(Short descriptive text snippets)

--

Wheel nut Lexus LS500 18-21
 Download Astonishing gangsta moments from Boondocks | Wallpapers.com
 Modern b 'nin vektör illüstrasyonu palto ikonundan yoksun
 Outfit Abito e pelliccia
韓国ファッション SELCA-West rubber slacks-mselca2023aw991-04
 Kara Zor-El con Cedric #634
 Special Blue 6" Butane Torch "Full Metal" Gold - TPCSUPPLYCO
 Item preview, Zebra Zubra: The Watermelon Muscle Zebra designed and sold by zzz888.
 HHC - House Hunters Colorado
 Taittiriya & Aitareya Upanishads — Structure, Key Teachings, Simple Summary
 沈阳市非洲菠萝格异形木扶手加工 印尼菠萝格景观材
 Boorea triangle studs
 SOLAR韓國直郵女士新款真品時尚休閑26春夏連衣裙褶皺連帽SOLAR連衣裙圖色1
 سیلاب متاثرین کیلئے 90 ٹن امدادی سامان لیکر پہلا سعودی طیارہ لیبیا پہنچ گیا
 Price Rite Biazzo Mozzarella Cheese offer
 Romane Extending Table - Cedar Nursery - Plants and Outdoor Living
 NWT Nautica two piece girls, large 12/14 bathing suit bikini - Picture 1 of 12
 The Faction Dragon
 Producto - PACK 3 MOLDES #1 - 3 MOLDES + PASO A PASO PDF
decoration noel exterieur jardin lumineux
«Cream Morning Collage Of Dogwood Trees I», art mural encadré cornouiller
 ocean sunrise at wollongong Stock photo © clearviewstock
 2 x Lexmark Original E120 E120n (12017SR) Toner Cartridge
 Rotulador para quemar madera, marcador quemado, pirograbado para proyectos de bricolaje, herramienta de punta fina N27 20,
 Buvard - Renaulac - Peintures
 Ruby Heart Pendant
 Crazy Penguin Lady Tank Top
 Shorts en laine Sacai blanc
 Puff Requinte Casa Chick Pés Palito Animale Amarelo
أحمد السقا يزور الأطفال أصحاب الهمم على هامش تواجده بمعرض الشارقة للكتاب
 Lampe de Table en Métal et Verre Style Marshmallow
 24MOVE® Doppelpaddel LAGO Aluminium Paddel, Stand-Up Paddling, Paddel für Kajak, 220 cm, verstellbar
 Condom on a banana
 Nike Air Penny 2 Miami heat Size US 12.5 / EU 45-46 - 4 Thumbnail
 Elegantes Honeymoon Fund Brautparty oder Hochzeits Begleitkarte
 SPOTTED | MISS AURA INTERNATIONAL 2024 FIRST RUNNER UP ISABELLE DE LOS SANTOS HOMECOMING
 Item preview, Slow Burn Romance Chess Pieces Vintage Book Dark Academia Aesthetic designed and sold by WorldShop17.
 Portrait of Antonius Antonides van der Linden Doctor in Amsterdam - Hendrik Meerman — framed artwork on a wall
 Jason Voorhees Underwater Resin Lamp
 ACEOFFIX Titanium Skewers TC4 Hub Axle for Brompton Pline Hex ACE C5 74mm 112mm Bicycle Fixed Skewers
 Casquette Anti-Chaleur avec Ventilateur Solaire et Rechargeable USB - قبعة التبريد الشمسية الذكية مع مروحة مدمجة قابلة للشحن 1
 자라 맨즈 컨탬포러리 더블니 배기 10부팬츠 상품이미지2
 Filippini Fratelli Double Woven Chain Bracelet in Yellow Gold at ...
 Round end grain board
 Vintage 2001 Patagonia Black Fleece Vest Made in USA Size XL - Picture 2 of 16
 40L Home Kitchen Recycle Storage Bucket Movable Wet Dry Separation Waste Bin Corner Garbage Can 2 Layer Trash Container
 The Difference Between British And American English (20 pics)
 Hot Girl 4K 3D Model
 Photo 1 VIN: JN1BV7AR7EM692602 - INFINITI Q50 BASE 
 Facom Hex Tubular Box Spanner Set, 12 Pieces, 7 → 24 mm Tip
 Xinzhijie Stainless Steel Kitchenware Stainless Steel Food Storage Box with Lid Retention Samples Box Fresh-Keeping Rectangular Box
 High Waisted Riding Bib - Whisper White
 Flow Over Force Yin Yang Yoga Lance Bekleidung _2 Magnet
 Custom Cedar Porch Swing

--

=== TASK PROMPT ===
Above are the records; copy exactly the lines from the line with "Outfit Abito e pelliccia" through the line with "SOLAR韓國直郵女士新款真", both included.

=== EXERCISE RESULT ===
 Outfit Abito e pelliccia
韓国ファッション SELCA-West rubber slacks-mselca2023aw991-04
 Kara Zor-El con Cedric #634
 Special Blue 6" Butane Torch "Full Metal" Gold - TPCSUPPLYCO
 Item preview, Zebra Zubra: The Watermelon Muscle Zebra designed and sold by zzz888.
 HHC - House Hunters Colorado
 Taittiriya & Aitareya Upanishads — Structure, Key Teachings, Simple Summary
 沈阳市非洲菠萝格异形木扶手加工 印尼菠萝格景观材
 Boorea triangle studs
 SOLAR韓國直郵女士新款真品時尚休閑26春夏連衣裙褶皺連帽SOLAR連衣裙圖色1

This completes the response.